Experiment Tracking
Recording every run so you can reproduce results and compare fairly
If you cannot reproduce last week's best run, you don't have a result — you have an anecdote. Experiment tracking is the boring discipline that turns ad-hoc notebook cells into a searchable, comparable history of everything you've tried. Skip it and you'll be re-running "that one good config" from memory within a month.
What to Track
At minimum, every run should record:
- Hyperparameters — learning rate, batch size, architecture choices, data splits. Everything that changes between runs.
- Metrics — loss curves, validation metrics, evaluation scores. Both final values and curves over time.
- Artifacts — model checkpoints, confusion matrices, sample predictions, generated outputs.
- Environment — library versions, GPU type, random seeds. The stuff you forget until you can't reproduce.
- Code version — git commit hash or a snapshot. Non-negotiable.
- Data version — which dataset, which split, which preprocessing version. This is the one most teams skip and most regret.
The Tools
The space has consolidated around a few serious options:
- Weights & Biases (W&B) — the most polished UX. Great dashboards, easy team sharing, good integrations. The default recommendation for most teams. Paid at scale.
- MLflow — open-source, self-hostable. The right choice when you need full data control or are already in a Databricks shop. UI is functional, not beautiful.
- Neptune — strong on experiment comparison and metadata flexibility. Worth evaluating if W&B pricing is a blocker.
- Comet — similar tier to Neptune. Good diffing between runs.
- TensorBoard — free, bundled with TensorFlow/PyTorch. Fine for individual researchers; breaks down for team workflows.
Pick one and commit. The value is in consistency, not in the tool itself.
Organizing Experiments
Flat lists of runs become useless fast. Structure matters:
- Projects group related experiments (e.g., "fraud-detection-v2").
- Tags mark intent: "baseline", "architecture-search", "data-ablation".
- Groups tie together runs that belong to the same sweep or ablation.
- Notes capture why you ran this, not just what. "Testing whether dropout helps on small dataset" is more useful than "run_047".
Comparing Runs
The whole point is comparison. Good practices:
- Fix a baseline and always compare against it. Relative improvement matters more than absolute numbers.
- Use parallel coordinates plots to see which hyperparameters correlate with good metrics.
- Compare on the same eval set — sounds obvious, but dataset drift between runs is a real and silent failure mode.
- Log statistical significance when differences are small. A 0.2% improvement on one eval set is noise, not signal.
Reproducibility
Tracking is necessary but not sufficient for reproducibility. You also need:
- Deterministic training — set all random seeds, use deterministic CUDA ops where possible. Accept that perfect reproducibility across hardware is often impossible.
- Data snapshots — hash your training data or use a data versioning tool (DVC, lakeFS). The model is only as reproducible as the data that trained it.
- Environment locking — pin your dependencies.
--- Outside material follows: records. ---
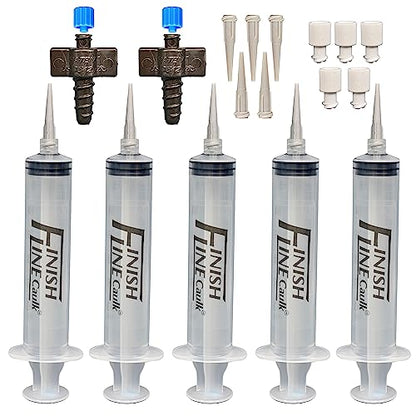 Precision Caulking Tool Kit with Storage Box & Finger Cots – Refillable Caulking Syringe Applicator with Micro-Fine Replaceable Tips for Baseboards, Trim & Small Crack Sealing - style: Finish Line Caulk Pro Syringe Applicator with Carrying Case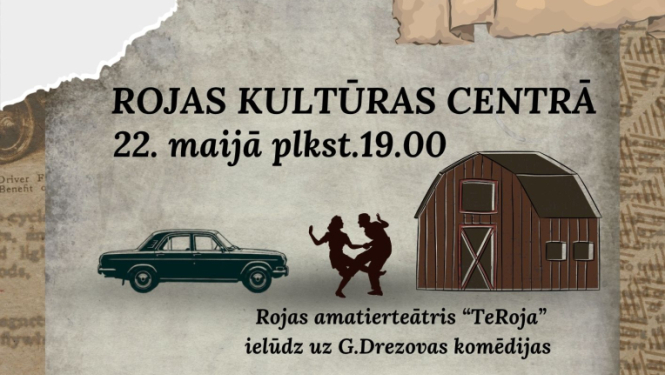 Teātra izrādes Kāzas Bazūnēs afiša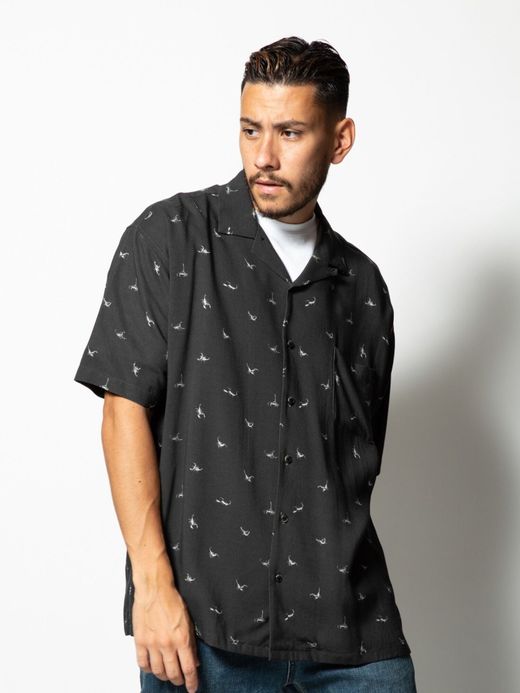 ROARK REVIVAL RWJ700 / SCORPION S/S WOVEN - COMFORT FIT / BLACK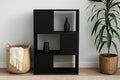 GHC 3 Tier Bookshelf, Wood Decorative Storage Shelving, Modern Freestanding Display Shelves, Tall Book Shelf Unit for Living Room, Bedroom, Office-Black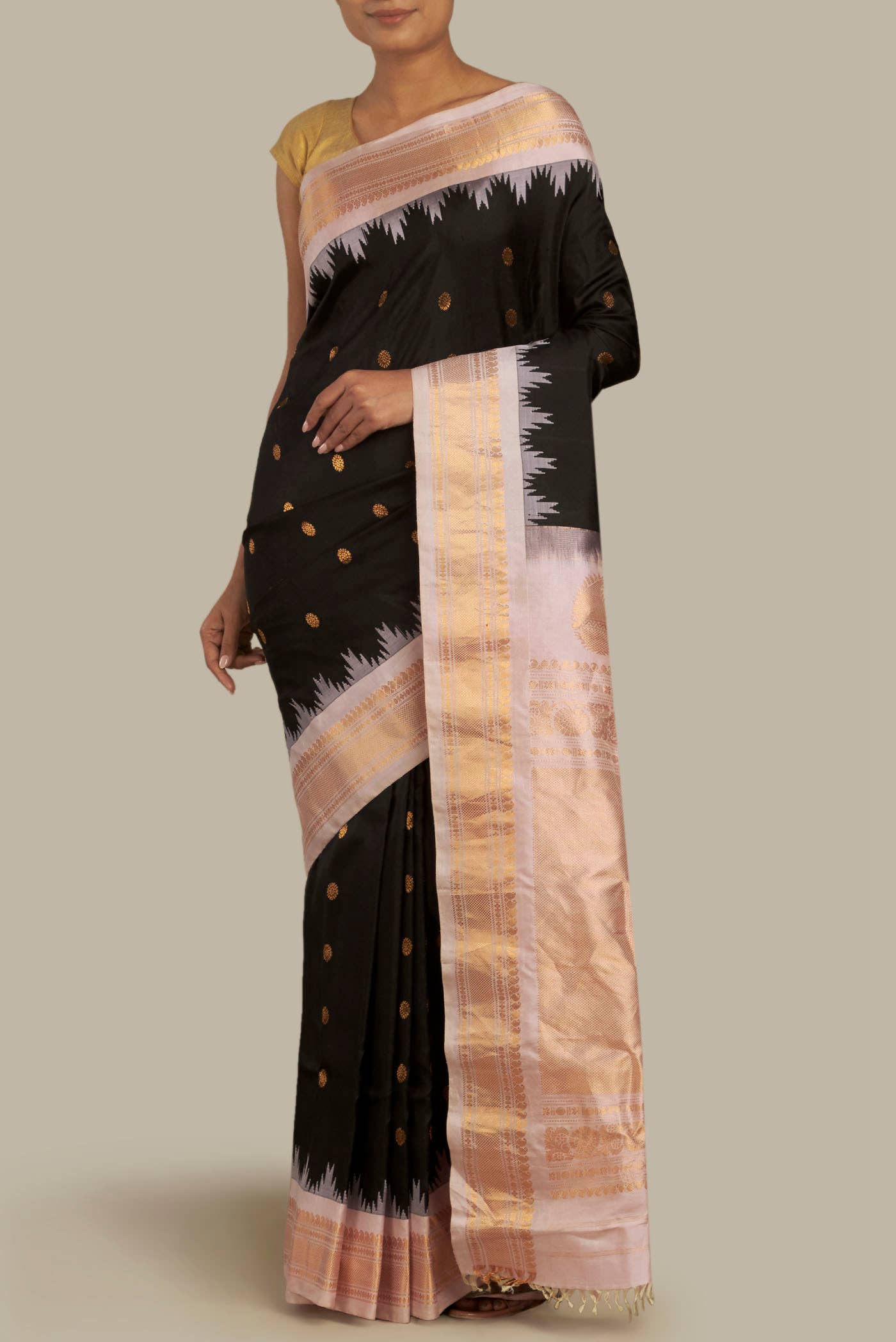 Black Gadwal Silk Saree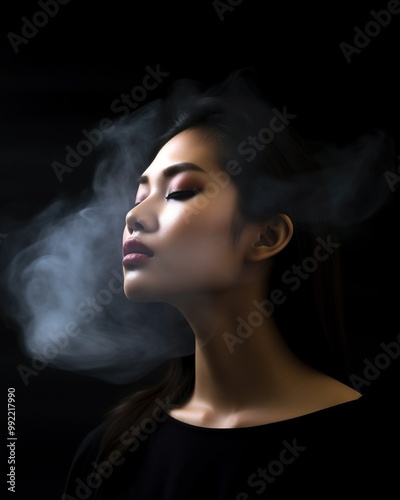 Woman in Smoke, Moody Portrait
A
requirements.txtwith unpinned versions is a time bomb. - One-command replay — if you can't re-run a tracked experiment with a single command, your tracking is incomplete.
Common Mistakes
- Tracking too late — retrofitting tracking onto an existing project is painful. Start from the first run.
- Logging everything, labeling nothing — 500 unlabeled runs are worse than 50 well-tagged ones.
- Ignoring failed runs — failures carry information. Track them too; you want to know what didn't work.
- Local-only tracking — if it's on your laptop, it doesn't exist for your team. Use a shared server or hosted service from day one.
The bar is low: log params, log metrics, tag your runs, version your data. Teams that do this consistently ship better models faster than teams that don't, regardless of which tool they pick.